Quelles erreurs ont été commises après le séisme?

Ricardo Seitenfus : Face à l’importation massive de biens de consommation pour nourrir les sans-abri, la situation de l’agriculture haïtienne s’est encore péjorée. Le pays offre un champ libre à toutes les expériences humanitaires. Il est inacceptable du point de vue moral de considérer Haïti comme un laboratoire. La reconstruction d’Haïti et la promesse que nous faisons miroiter de 11 milliards de dollars attisent les convoitises. Il semble qu’une foule de gens viennent en Haïti, non pas pour Haïti, mais pour faire des affaires. Pour moi qui suis Américain, c’est une honte, une offense à notre conscience. Un exemple: celui des médecins haïtiens que Cuba forme. Plus de 500 ont été instruits à La Havane. Près de la moitié d’entre eux, alors qu’ils devraient être en Haïti, travaillent aujourd’hui aux Etats-Unis, au Canada ou en France. La révolution cubaine est en train de financer la formation de ressources humaines pour ses voisins capitalistes…

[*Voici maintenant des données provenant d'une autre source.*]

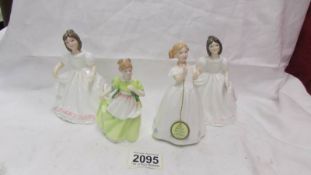 Four Royal Doulton figurines including Amanda and Catherine.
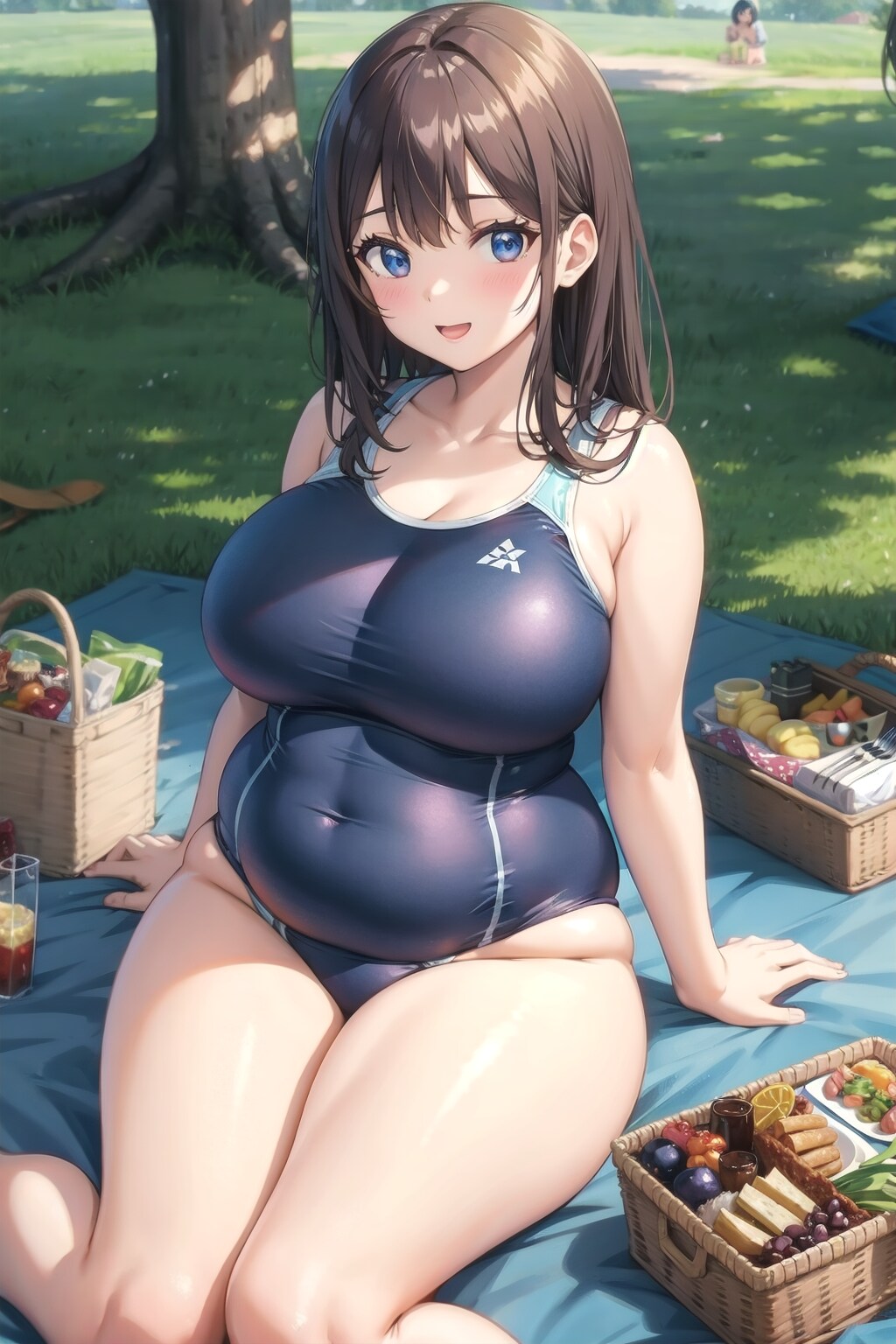 スクール水着姿で一人ピクニックをするぽっちゃり女子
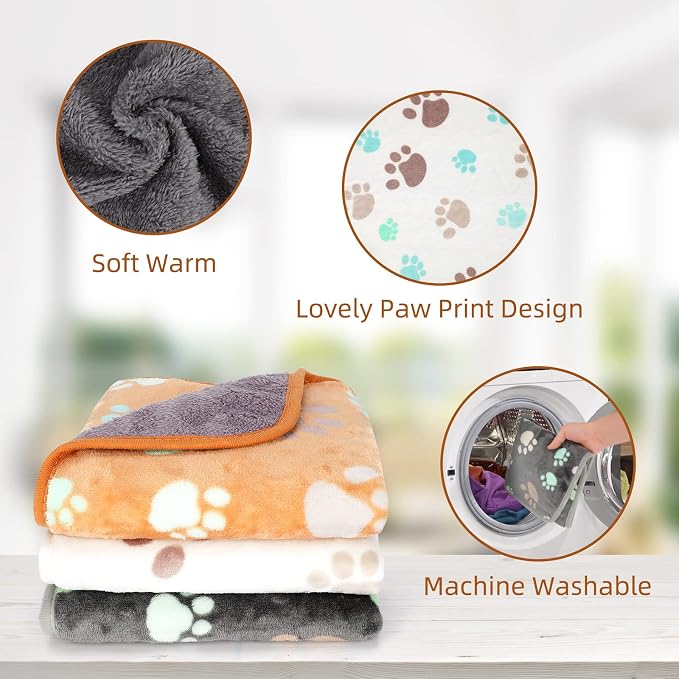 YUEPET Waterproof Guinea Pig Blankets Washable 3 Pack Small Animal Fleece Cage Liners Pet Soft Sleep Mat Pad Cover Warm Flannel Throw for Hamster Guinea Pig Rabbit Chinchilla Hedgehog Ferret 35"×24" - Image 3
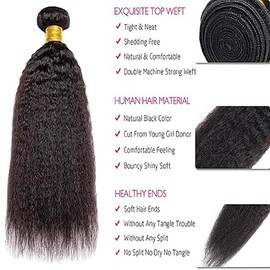 Jucames Brazilian Natural Yaki Human Hair Bundles Brazilian Unprocessed Extensions Double Natural Color 30 Inches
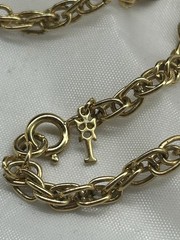 Vintage Crown Trifari Choker Necklace Goldtone Metal White Enamel Basket Weave
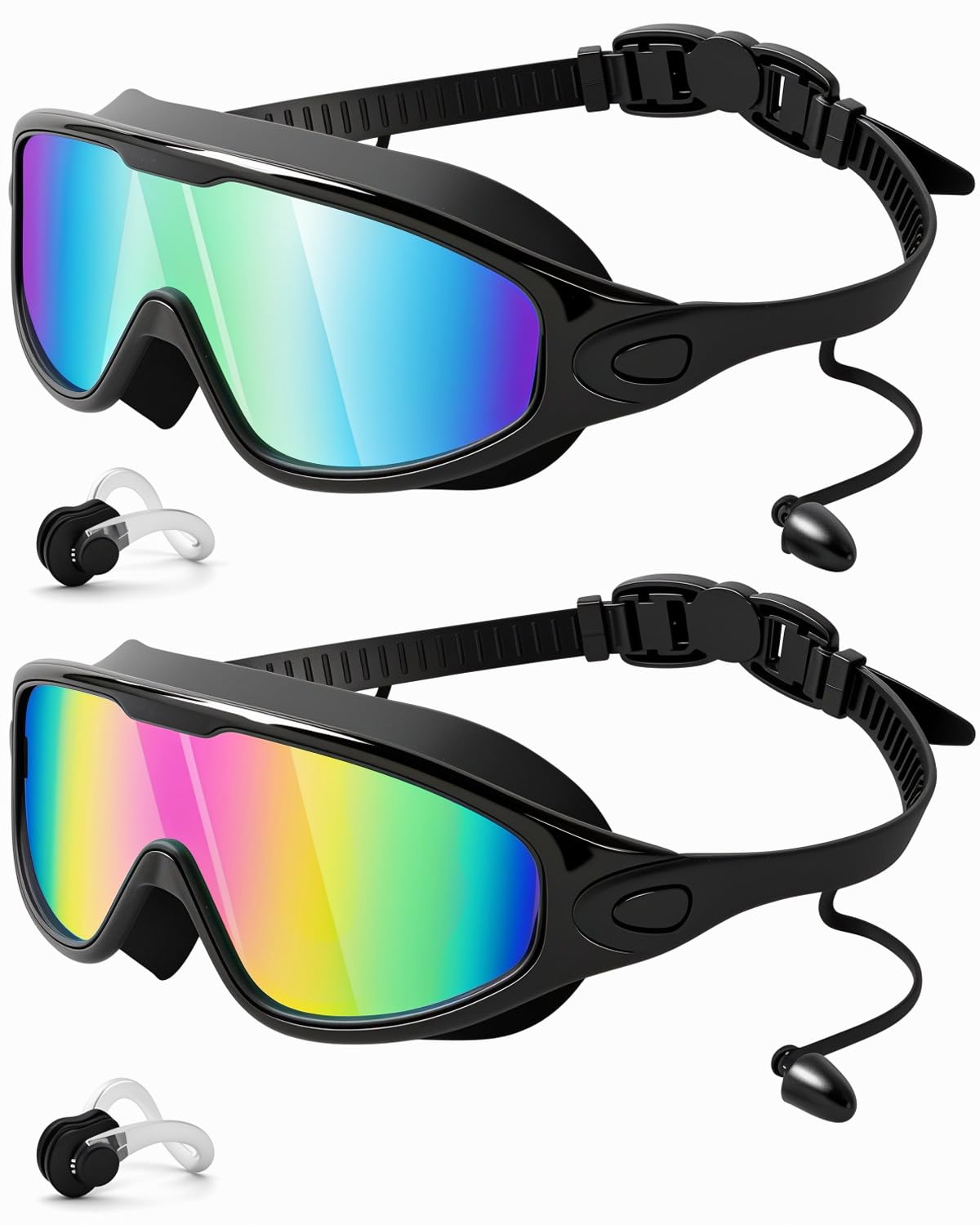 Swim Goggles 2 Pack, Wide View Anti Fog&Uv Swimming Goggles For Audlt, No Leaking Swim Glasses For Men Women Youth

On décrit sans cesse Haïti comme la marge du monde, vous ressentez plutôt le pays comme un concentré de notre monde contemporain…?

Ricardo Seitenfus : C’est le concentré de nos drames et des échecs de la solidarité internationale. Nous ne sommes pas à la hauteur du défi. La presse mondiale vient en Haïti et décrit le chaos. La réaction de l’opinion publique ne se fait pas attendre. Pour elle, Haïti est un des pires pays du monde. Il faut aller vers la culture haïtienne, il faut aller vers le terroir. Je crois qu’il y a trop de médecins au chevet du malade et la majorité de ces médecins sont des économistes. Or, en Haïti, il faut des anthropologues, des sociologues, des historiens, des politologues et même des théologiens. Haïti est trop complexe pour des gens qui sont pressés; les coopérants sont pressés. Personne ne prend le temps ni n’a le goût de tenter de comprendre ce que je pourrais appeler l’âme haïtienne. Les Haïtiens l’ont bien saisi, qui nous considèrent, nous la communauté internationale, comme une vache à traire. Ils veulent tirer profit de cette présence et ils le font avec une maestria extraordinaire. Si les Haïtiens nous considèrent seulement par l’argent que nous apportons, c’est parce que nous nous sommes présentés comme cela.

Au-delà du constat d’échec, quelles solutions proposez-vous?

Ricardo Seitenfus : Dans deux mois, j’aurai terminé une mission de deux ans en Haïti. Pour rester ici, et ne pas être terrassé par ce que je vois, j’ai dû me créer un certain nombre de défenses psychologiques. Je voulais rester une voix indépendante malgré le poids de l’organisation que je représente. J’ai tenu parce que je voulais exprimer mes doutes profonds et dire au monde que cela suffit. Cela suffit de jouer avec Haïti. Le 12 janvier m’a appris qu’il existe un potentiel de solidarité extraordinaire dans le monde. Même s’il ne faut pas oublier que, dans les premiers jours, ce sont les Haïtiens tout seuls, les mains nues, qui ont tenté de sauver leurs proches. La compassion a été très importante dans l’urgence. Mais la charité ne peut pas être le moteur des relations internationales. Ce sont l’autonomie, la souveraineté, le commerce équitable, le respect d’autrui qui devraient l’être. Nous devons penser simultanément à offrir des opportunités d’exportation pour Haïti mais aussi protéger cette agriculture familiale qui est essentielle pour le pays. Haïti est le dernier paradis des Caraïbes encore inexploité pour le tourisme, avec 1700 kilomètres de côtes vierges; nous devons favoriser un tourisme culturel et éviter de paver la route à un nouvel eldorado du tourisme de masse. Les leçons que nous donnons sont inefficaces depuis trop longtemps. La reconstruction et l’accompagnement d’une société si riche sont une des dernières grandes aventures humaines. Il y a 200 ans, Haïti a illuminé l’histoire de l’humanité et celle des droits humains. Il faut maintenant laisser une chance aux Haïtiens de confirmer leur vision.